* _WORK ITEM_:
Through the line with "OTTO High Quality" and starting from the first line, return the records below word for word, with pictures left out.

START TASK INPUTS

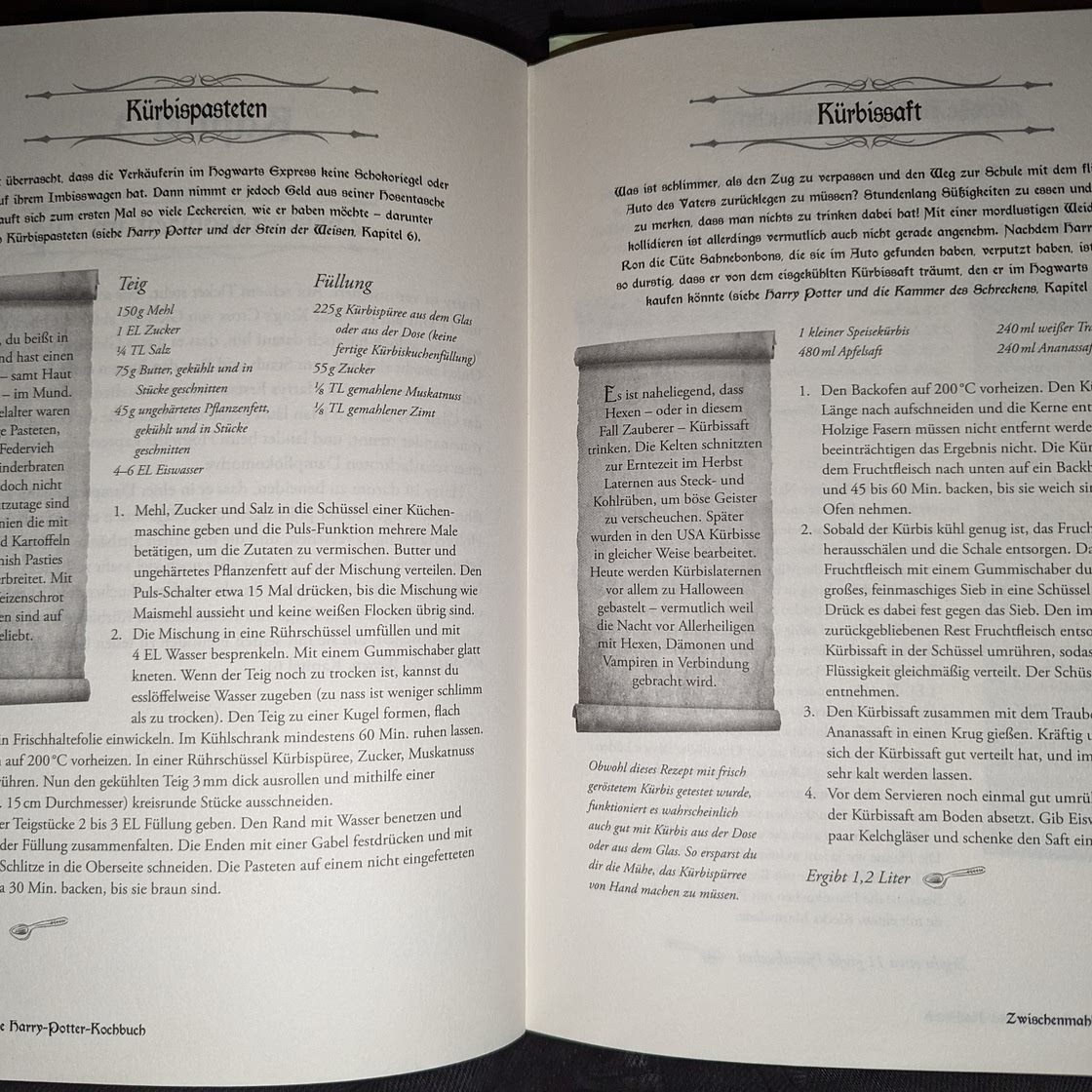 Harry Potter Kürbispasteten und Kürbissaft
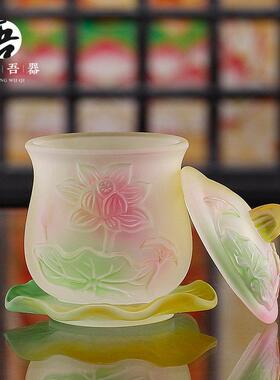 陶瓷琉璃供佛杯供水杯佛具用品家用佛前观音莲花圣水杯净水杯供杯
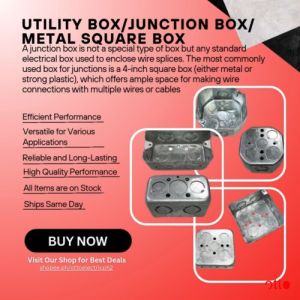 OTTO High Quality Utility Box Junction Box and Metal Square Box 4x4 & 2x4 4 inches GA16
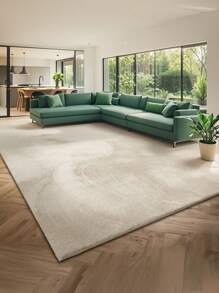 1 pieza Alfombra de felpa de alta calidad color crema, diseño moderno lavable, apta para sala de estar y dormitorio, decoración del hogar para el Día de la Madre, el Día del Trabajo, Pascua, cómoda bajo los pies, 850g/㎡, opciones de varios tamaños, nuevo lanzamiento de primavera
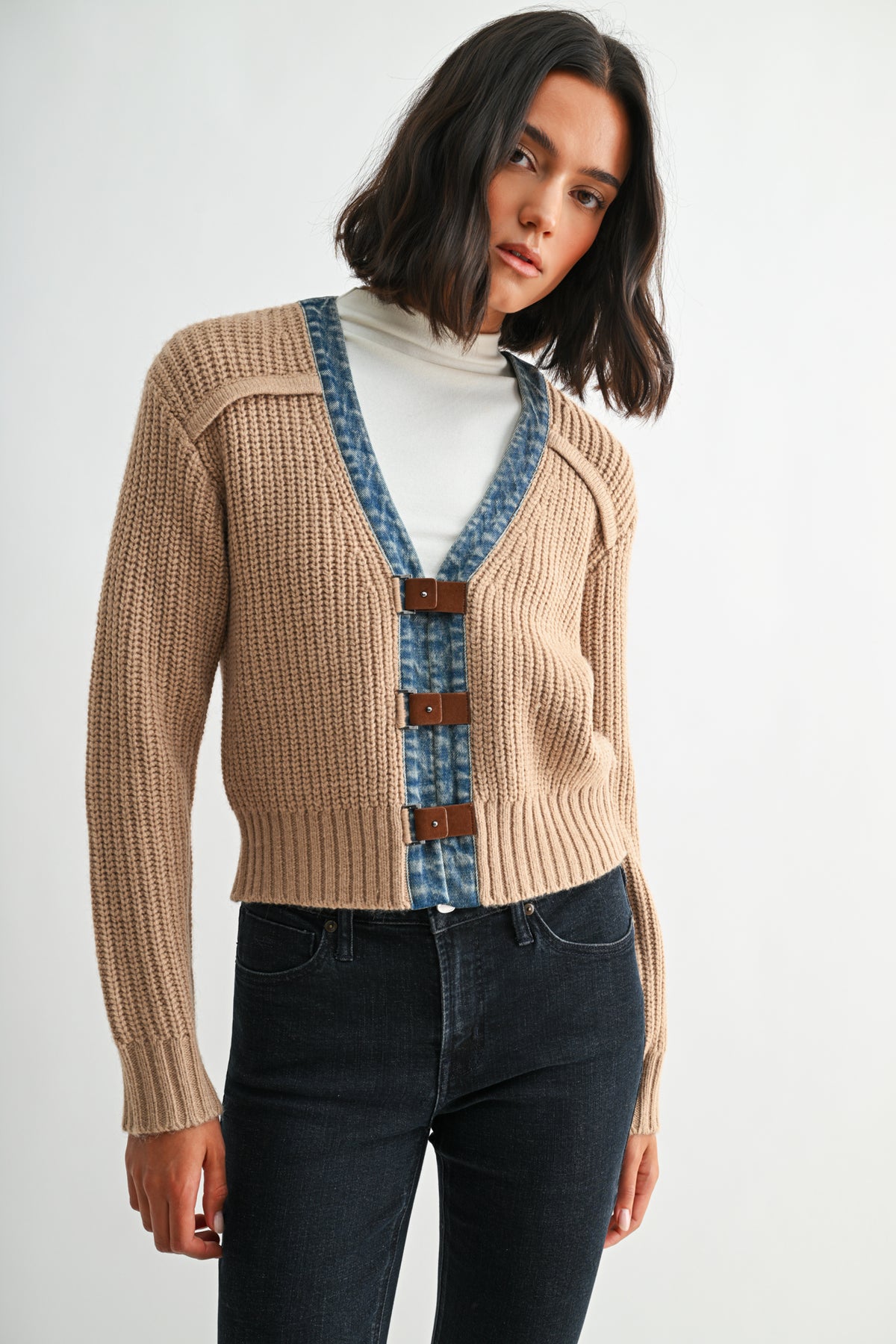 Tan Long Sleeve Cropped Cardigan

END TASK INPUTS

* _SOLVED EXERCISE_:
 Harry Potter Kürbispasteten und Kürbissaft
 陶瓷琉璃供佛杯供水杯佛具用品家用佛前观音莲花圣水杯净水杯供杯
 OTTO High Quality Utility Box Junction Box and Metal Square Box 4x4 & 2x4 4 inches GA16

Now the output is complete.